* _WHAT IS EXPECTED_: Beginning with the line below that contains "Gothic bat and" and ending with the line that contains "Cumin Barbour Mens", copy every line exactly. Copy nothing else.

* _DATA SECTION_:
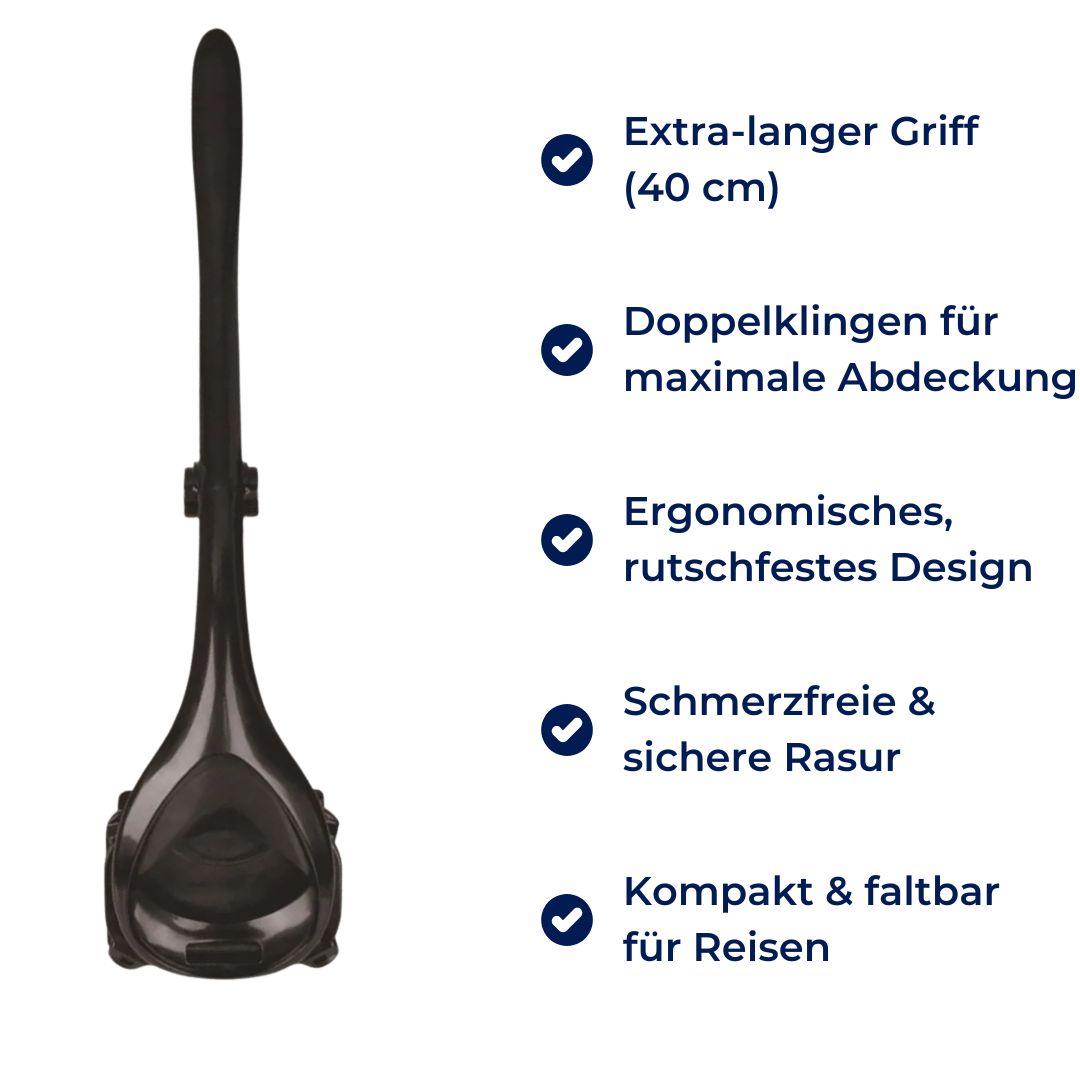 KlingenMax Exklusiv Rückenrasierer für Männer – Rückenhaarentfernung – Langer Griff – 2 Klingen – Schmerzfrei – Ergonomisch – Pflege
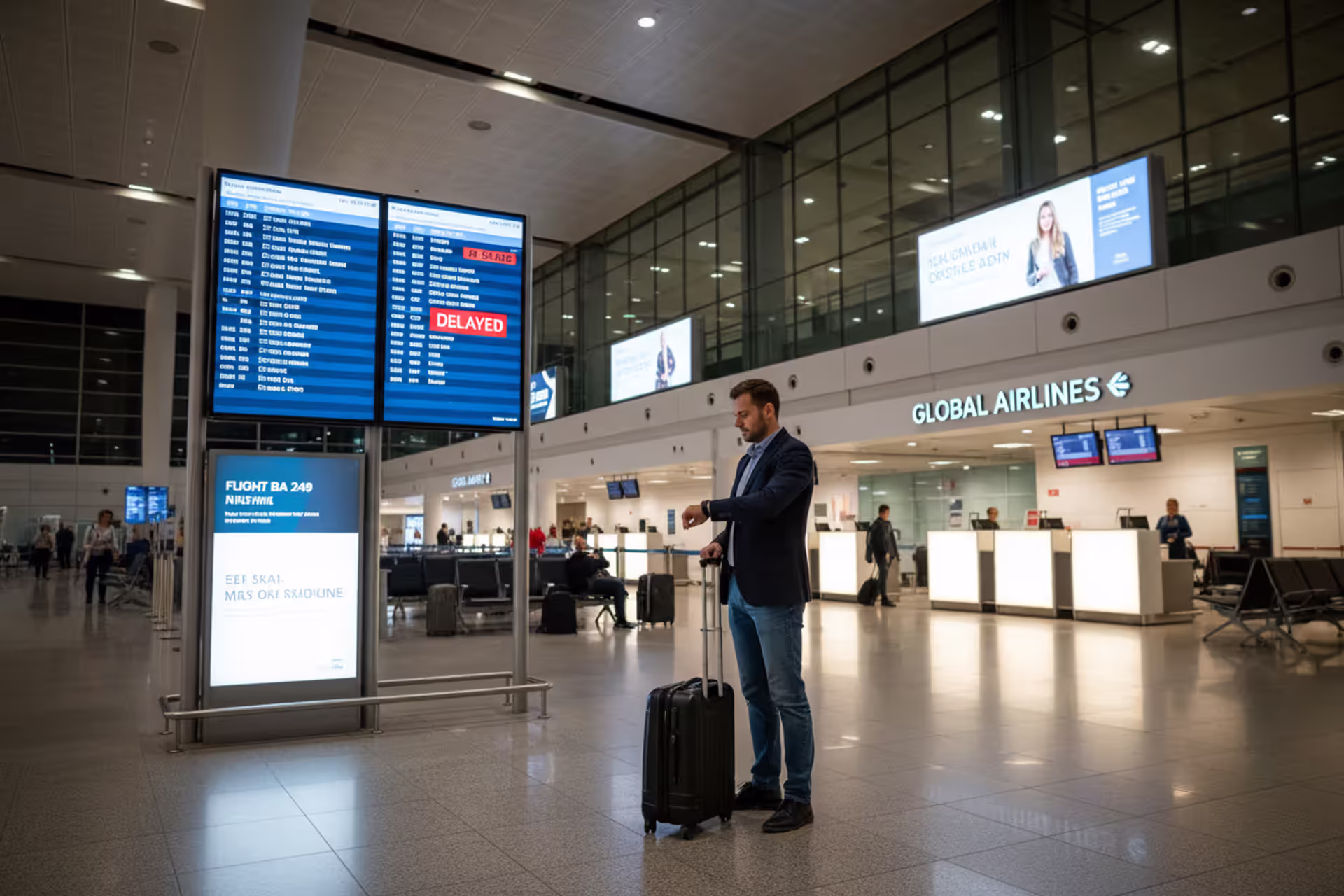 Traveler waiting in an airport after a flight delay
--
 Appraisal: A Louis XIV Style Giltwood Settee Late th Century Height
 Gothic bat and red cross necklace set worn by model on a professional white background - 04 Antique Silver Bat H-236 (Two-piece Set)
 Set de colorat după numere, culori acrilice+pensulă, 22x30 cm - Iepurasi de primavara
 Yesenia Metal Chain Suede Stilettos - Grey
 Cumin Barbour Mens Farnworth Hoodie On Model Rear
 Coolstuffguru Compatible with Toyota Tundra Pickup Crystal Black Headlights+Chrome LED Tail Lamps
--
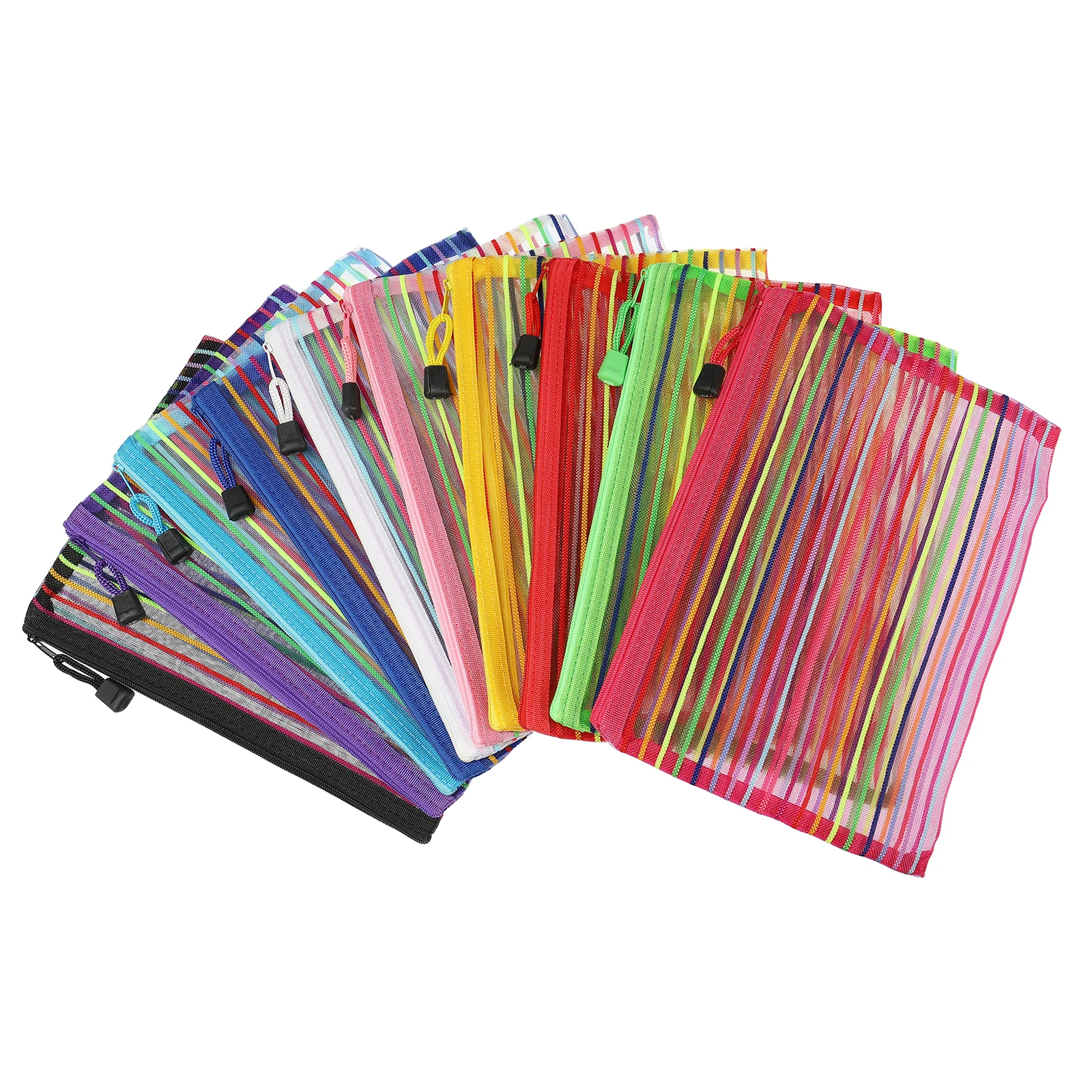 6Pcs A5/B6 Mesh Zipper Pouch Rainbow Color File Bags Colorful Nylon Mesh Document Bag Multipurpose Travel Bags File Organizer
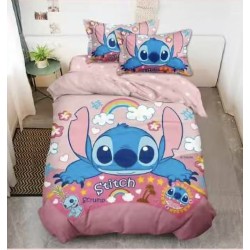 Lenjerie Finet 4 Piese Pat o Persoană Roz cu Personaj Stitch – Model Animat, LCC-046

* _EXPECTED OUTPUT_:
 Gothic bat and red cross necklace set worn by model on a professional white background - 04 Antique Silver Bat H-236 (Two-piece Set)
 Set de colorat după numere, culori acrilice+pensulă, 22x30 cm - Iepurasi de primavara
 Yesenia Metal Chain Suede Stilettos - Grey
 Cumin Barbour Mens Farnworth Hoodie On Model Rear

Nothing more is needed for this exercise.